屍人荘の殺人
本日の朝日新聞読書欄「売れてる本」コーナーに、ぼくの書いた今村昌弘『屍人荘の殺人』の紹介=書評が載っています。本格ミステリの新人にあたえられる鮎川哲也賞を受けたほか、その後も「このミステリーがすごい!」(宝島社)、「週刊文春ベスト10」(文藝春秋)、「本格ミステリベスト10」(原書房)の三冠を獲得した「いわくつき」の傑作。さきごろの年末年始の読書用にとさらに売れ行きをのばした由だ。
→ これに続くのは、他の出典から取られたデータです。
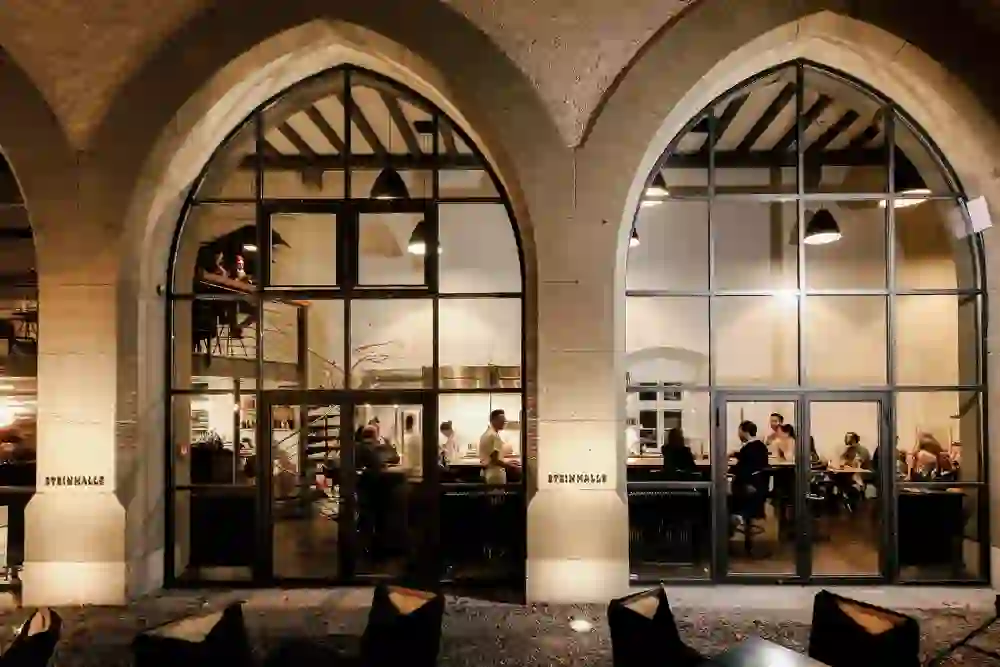 Das Bild zeigt die Außenansicht eines eleganten Restaurants mit großen, bogenförmigen Fenstern. Drinnen genießen Gäste in entspannter Atmosphäre ihr Essen. Die warme Beleuchtung strahlt Gemütlichkeit aus und lädt zum Verweilen und Genießen ein.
ご存知のようにこの本、ネタバレ厳禁物件だ。本格ミステリの枠組を、ある超常現象が包囲するのだが、その現象をたとえ×××と伏字にしても驚愕を重んじる読者にはネタバレを結果するという、神経質で物騒な対象なのだった。いわば周辺を付帯的に説明するだけで、紹介では読書意欲を掻き立てなければならない。しかもネット上にはすでに、得意満面な書評・感想も陸続していて、それらとの内容重複も避けなければならない…。書きにくいといったら、なんの。
ま、それらの難関をクリアして、ミステリにつよいとはいえないぼくが、記事を書いた。女房いわく、よくこれだけ縛りのある条件で、わかりやすく、そそる原稿を仕上げたと。朝日の文化部周辺も、書評を読むと、現物を読みたくてたまらなくなると。自分としては低回飛行をしいられたつもりだったが、うれしい反応が囲んだ。ぜひ読まれたし。
原稿は数字「2」をつきつけて、原初的なテマティスム構造批評を展開している。最近こういう文章がなかったから、朝日のひとたちにも目新しかったのか。字数制限もあって書けなかったけど、「2」の最大要素は、今村昌弘の文章が、可読性と衒学性との「2」を融合している点だろう。既存映画ジャンル論との連関もあって、それを担当する人物「重光充」の存在も得難いが、ほんとうは作者自身がメタレベルで作品の位置を「説明」するから、この手のものに慣れない読者も読解誘導されてしまう点が最も売れ行きに貢献しているはずだ。
もうひとつ。昨日の北海道新聞夕刊「サブカルの海」では瀬々敬久監督の話題につき、三題噺で書いた。以前にここで書いた『7年越しの花嫁』『最低。』『ヘヴンズストーリー』についての論考を「綜合」したもの。内容が気になるひとは、それらを(再)参照してください。